Look below for the line with "Little Surprise Box" and the line with "Arabic traditional Ramadan"; repeat exactly those two lines and all lines between them, but no pictures.

• Task input:

============================================================

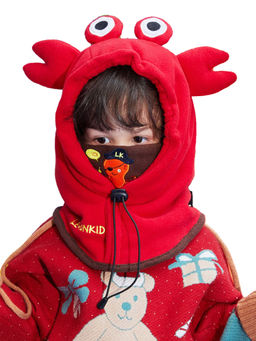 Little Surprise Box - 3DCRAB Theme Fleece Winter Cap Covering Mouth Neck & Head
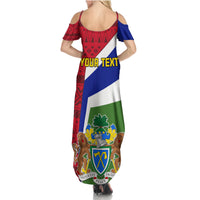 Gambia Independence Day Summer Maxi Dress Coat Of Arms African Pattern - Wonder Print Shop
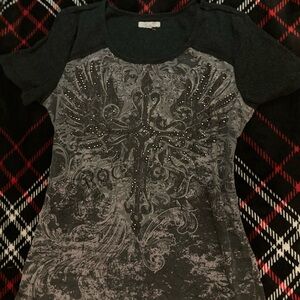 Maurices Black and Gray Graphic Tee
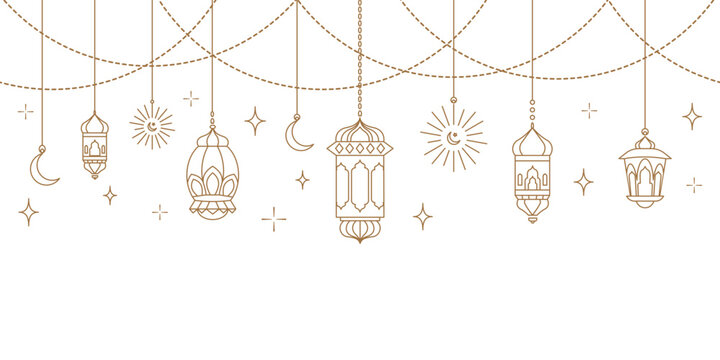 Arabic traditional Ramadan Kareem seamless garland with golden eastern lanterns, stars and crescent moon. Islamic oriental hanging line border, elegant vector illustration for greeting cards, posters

============================================================

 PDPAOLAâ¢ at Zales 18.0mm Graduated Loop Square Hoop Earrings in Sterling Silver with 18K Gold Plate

============================================================

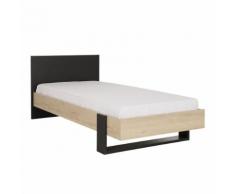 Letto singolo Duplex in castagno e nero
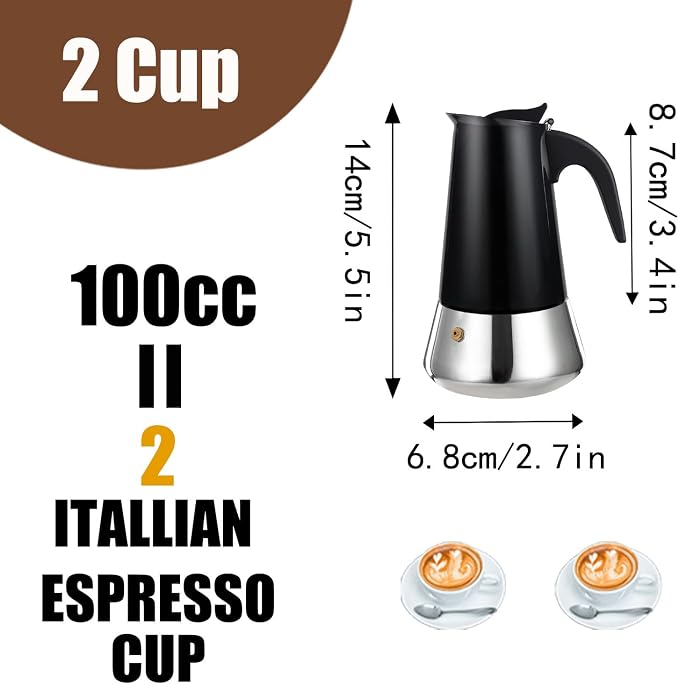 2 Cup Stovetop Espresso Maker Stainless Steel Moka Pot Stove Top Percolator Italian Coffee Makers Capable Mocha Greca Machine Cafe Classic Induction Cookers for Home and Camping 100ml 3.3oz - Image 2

============================================================

• Output below:
 Little Surprise Box - 3DCRAB Theme Fleece Winter Cap Covering Mouth Neck & Head
 Gambia Independence Day Summer Maxi Dress Coat Of Arms African Pattern - Wonder Print Shop
 Maurices Black and Gray Graphic Tee
 Arabic traditional Ramadan Kareem seamless garland with golden eastern lanterns, stars and crescent moon. Islamic oriental hanging line border, elegant vector illustration for greeting cards, posters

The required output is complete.